Canalblog
Editer l'article Suivre ce blog Administration + Créer mon blog
Publicité
exercices de philosophie
26 mars 2006

La Bruyère - Parler et offenser, pour de certaines gens, est précisément la même chose.

27 (V)
Parler et offenser, pour de certaines gens, est précisément la même chose. Ils sont piquants et amers; leur style est mêlé de fiel et d'absinthe: la raillerie, l'injure, l'insulte leur découlent des lèvres comme leur salive. Il leur serait utile d'être nés muets ou stupides: ce qu'ils ont de vivacité et d'esprit leur nuit davantage que ne fait à quelques-autres leur sottise. Ils ne se contentent pas toujours de répliquer avec aigreur, ils attaquent souvent avec insolence; ils frappent sur tout ce qui se trouve sous leur langue, sur les présents, sur les absents; ils heurtent de front et de côté, comme des béliers: demande-t-on à des béliers qu'ils n'aient pas de cornes? De même n'espère-t-on pas de réformer par cette peinture des naturels si durs, si farouches, si indociles. Ce que l'on peut faire de mieux, d'aussi loin qu'on les découvre, est de les fuir de toute sa force et sans regarder derrière soi.
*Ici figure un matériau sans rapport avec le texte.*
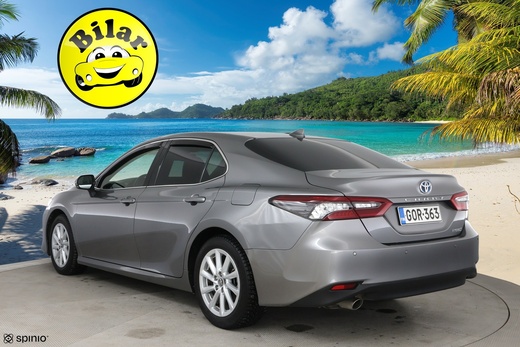 Toyota Camry vaihtoauto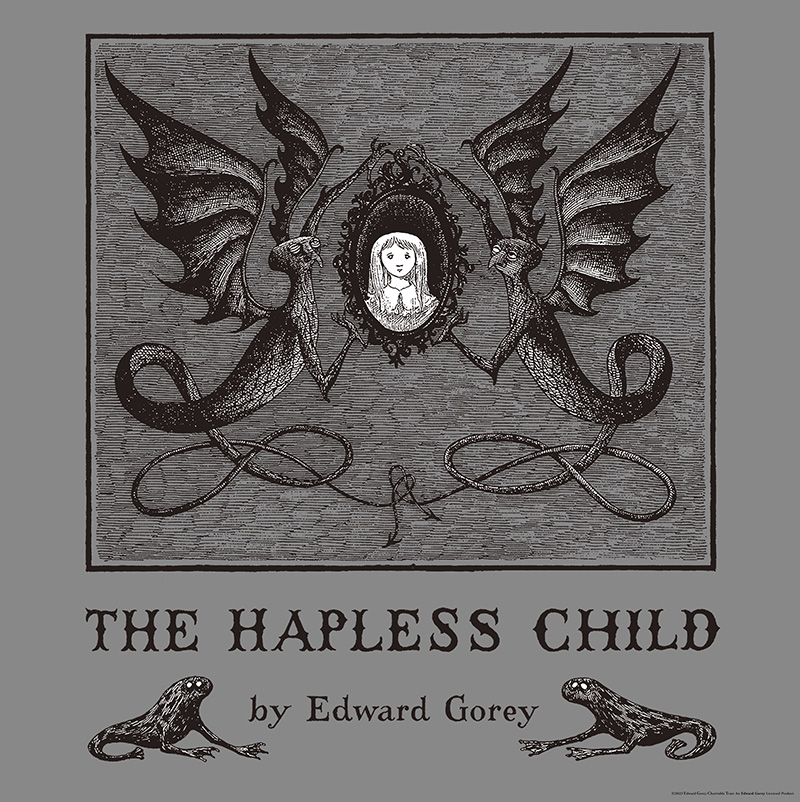 イベント「エドワード・ゴーリーとファッション」2023年10月20日(金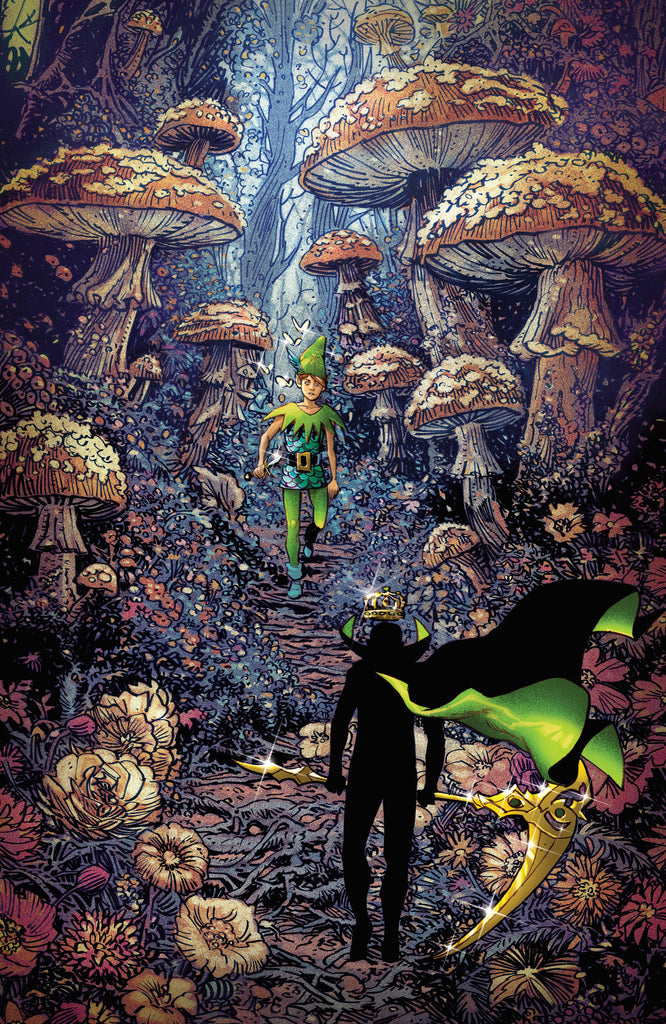 Last Boy #2 (Of 5) Cover F Unlockable Panosian Vir (Mature) Comics Boom! Studios [SK]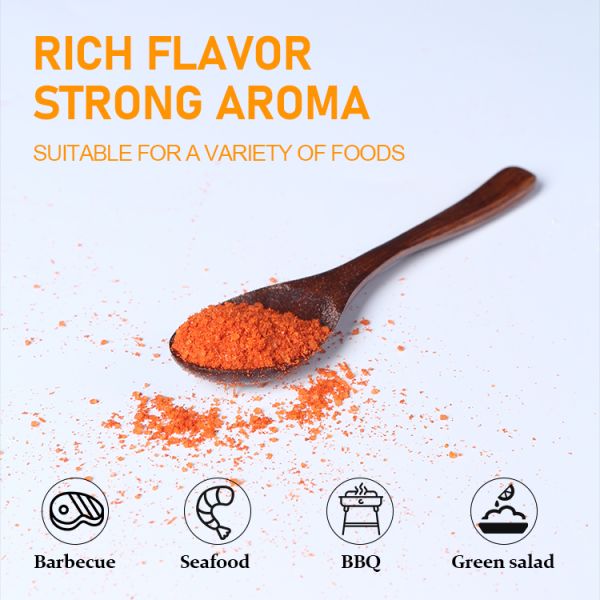 McSino Dried Blended Spices Chinese Unique Sweet and Peppery Orleans Seasoning with Variety Foods Flavor for Marinade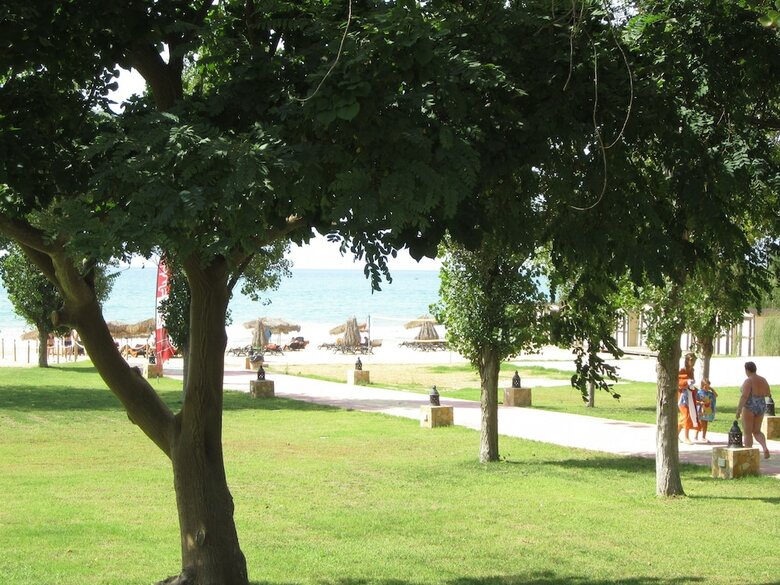 Hotel Le Dune Resort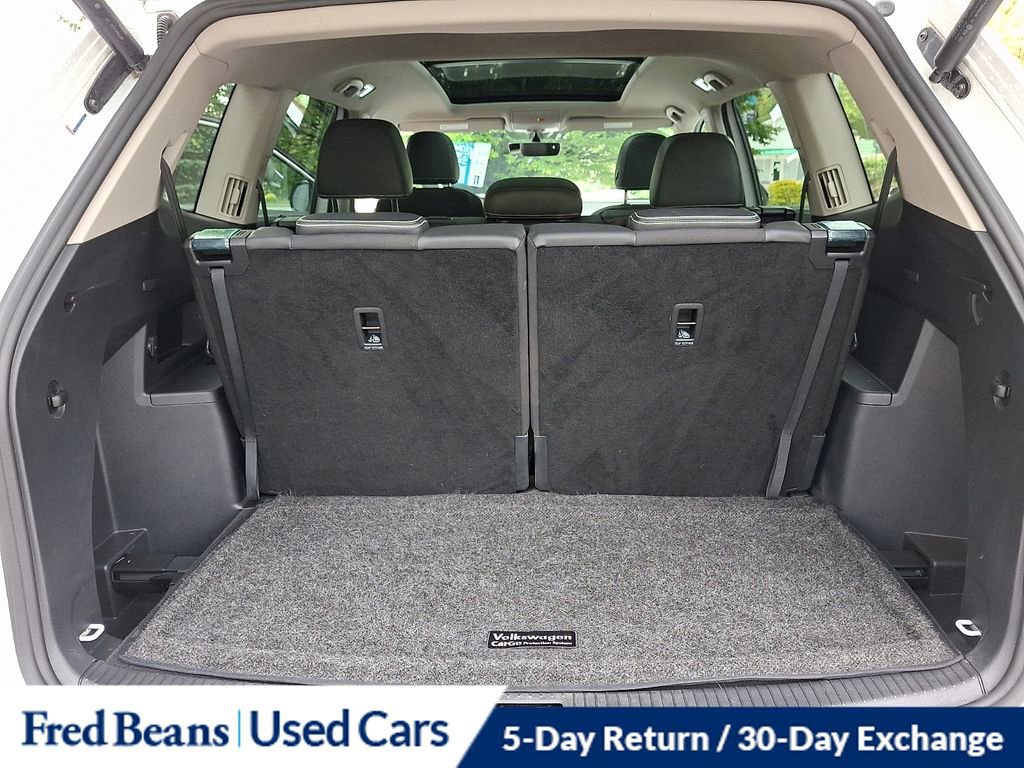 Certified 2023 Volkswagen Atlas SE w/ Panoramic Sunroof Package AWD/4WD image 30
La Bruyère les caractères.


Il y a des gens dont chaque parole semble avoir pour origine l’envie de nuire et de faire mal, la cruauté, la méchanceté. Tout ce qu’ils disent blesse.
Piquants et amers. Agaçant et repoussant, douloureux et écœurant.
Le fiel, c’est la bile, le liquide gastrique. C’est basique, malodorant, jaune-verdâtre. C’est ce qu’on vomit quand on a tout vomi.
L’absinthe, c’est une liqueur extraite d’une plante anisée, adulé par certain poète pour son aide à la créativité, mais toxique. Peut-être La bruyère savait-il qu’elle favorise la production de fiel.
Ils disent ce qui est douloureux à entendre, mais qui ne profite à personne. La raillerie, l’injure, l’insulte. Il y a des gens dont la salive coule des lèvres malgré eux, mais la salive ne nuit pas.
Pour ces offenseurs, le mieux serait qu’ils n’aient pas les moyens de nuire. En effet, si un sot se moque de vous, il est peu probable qu’il vous fasse vraiment du mal, car vous trouverez quelques choses de plus intelligent à lui répondre ou à penser pour vous consoler. Mais ce que l’offenseur a de vivacité et d’esprit est pour lui une arme, une arme puissante et précise qui détruit bien sa cible. Et cette arme finie toujours par se retourner contre lui-même. Celui qui répand autour de lui la discorde, le mépris, et toutes les autres marques inutiles de la haine, celui-là détruit ses proches, et se détruit lui-même, souvent sans le savoir.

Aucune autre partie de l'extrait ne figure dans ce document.